STORED DATA —
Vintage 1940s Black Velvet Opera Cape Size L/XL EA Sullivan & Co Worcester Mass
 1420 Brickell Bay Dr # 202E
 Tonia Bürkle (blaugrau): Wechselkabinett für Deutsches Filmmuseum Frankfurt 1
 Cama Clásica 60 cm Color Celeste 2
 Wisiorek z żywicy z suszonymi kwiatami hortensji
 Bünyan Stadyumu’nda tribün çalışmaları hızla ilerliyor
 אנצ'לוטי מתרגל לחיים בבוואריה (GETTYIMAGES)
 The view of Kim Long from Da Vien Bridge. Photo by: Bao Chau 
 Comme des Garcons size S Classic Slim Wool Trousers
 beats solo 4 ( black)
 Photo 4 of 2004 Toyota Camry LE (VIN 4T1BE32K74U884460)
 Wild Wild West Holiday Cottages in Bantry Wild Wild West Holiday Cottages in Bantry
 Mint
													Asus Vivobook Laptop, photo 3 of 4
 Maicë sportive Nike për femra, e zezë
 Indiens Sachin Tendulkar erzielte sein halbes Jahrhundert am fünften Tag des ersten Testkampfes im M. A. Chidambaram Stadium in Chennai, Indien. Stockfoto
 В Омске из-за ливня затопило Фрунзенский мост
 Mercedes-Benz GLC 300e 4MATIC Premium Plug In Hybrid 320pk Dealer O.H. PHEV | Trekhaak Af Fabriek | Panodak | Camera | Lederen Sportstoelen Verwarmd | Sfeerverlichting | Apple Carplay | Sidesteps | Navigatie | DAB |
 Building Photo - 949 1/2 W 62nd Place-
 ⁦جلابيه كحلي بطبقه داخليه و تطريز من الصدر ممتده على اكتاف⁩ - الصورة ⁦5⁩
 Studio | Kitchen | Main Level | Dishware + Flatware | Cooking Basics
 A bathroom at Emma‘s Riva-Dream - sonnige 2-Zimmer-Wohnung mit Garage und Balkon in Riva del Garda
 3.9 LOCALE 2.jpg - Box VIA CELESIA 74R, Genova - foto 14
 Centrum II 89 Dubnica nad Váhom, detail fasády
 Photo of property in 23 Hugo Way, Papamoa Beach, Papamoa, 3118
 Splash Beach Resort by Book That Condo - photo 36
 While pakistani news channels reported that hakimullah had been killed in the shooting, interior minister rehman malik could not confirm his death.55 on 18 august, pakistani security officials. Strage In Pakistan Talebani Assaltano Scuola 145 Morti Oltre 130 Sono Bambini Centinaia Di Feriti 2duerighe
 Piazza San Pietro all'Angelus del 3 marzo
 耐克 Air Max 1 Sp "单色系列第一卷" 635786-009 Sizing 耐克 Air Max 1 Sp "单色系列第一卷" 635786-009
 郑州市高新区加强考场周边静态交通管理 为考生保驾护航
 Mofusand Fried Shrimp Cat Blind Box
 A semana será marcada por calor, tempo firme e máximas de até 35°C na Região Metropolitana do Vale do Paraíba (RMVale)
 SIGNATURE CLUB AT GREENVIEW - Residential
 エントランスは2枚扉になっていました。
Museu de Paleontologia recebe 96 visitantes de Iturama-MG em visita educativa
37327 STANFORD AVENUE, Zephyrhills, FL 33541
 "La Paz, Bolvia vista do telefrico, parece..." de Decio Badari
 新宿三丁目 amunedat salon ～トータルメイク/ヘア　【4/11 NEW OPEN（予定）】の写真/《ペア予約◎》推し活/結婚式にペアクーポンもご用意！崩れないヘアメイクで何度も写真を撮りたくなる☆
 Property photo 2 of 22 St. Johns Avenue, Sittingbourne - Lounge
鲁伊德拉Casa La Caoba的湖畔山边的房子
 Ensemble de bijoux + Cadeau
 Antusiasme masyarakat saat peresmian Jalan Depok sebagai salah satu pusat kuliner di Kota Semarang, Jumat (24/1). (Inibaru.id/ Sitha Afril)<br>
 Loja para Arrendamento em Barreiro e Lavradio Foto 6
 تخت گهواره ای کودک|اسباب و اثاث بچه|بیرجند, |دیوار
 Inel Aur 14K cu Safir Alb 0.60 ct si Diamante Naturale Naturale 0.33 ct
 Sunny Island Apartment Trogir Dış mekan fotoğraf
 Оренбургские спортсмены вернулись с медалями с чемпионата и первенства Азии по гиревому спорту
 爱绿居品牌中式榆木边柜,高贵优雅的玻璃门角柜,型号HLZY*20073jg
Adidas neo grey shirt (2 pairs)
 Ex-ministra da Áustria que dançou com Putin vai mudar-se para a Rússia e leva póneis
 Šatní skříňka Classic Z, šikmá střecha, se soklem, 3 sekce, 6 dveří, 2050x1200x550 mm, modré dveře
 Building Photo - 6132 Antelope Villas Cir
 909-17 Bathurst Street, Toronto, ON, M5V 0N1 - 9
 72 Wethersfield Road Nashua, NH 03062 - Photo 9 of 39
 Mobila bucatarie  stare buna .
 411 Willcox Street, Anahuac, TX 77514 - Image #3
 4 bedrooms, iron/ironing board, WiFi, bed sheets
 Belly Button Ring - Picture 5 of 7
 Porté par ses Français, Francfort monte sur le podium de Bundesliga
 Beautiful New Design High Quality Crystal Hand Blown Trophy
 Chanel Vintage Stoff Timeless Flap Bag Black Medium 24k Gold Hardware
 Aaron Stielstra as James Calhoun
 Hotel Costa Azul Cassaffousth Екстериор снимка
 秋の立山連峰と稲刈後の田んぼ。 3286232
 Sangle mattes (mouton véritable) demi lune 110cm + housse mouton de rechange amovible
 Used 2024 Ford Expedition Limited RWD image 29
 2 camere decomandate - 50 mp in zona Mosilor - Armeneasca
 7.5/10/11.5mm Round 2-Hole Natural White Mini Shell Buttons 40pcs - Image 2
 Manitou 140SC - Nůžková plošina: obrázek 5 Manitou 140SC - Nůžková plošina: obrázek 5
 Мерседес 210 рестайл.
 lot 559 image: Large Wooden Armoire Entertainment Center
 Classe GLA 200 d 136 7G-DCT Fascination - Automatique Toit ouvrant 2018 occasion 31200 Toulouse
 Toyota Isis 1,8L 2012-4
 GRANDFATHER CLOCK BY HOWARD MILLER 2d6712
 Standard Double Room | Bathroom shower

TASK TO COMPLETE —
Where a line above holds the string "Toyota", show that line.

SOLVED EXERCISE —
 Photo 4 of 2004 Toyota Camry LE (VIN 4T1BE32K74U884460)
 Toyota Isis 1,8L 2012-4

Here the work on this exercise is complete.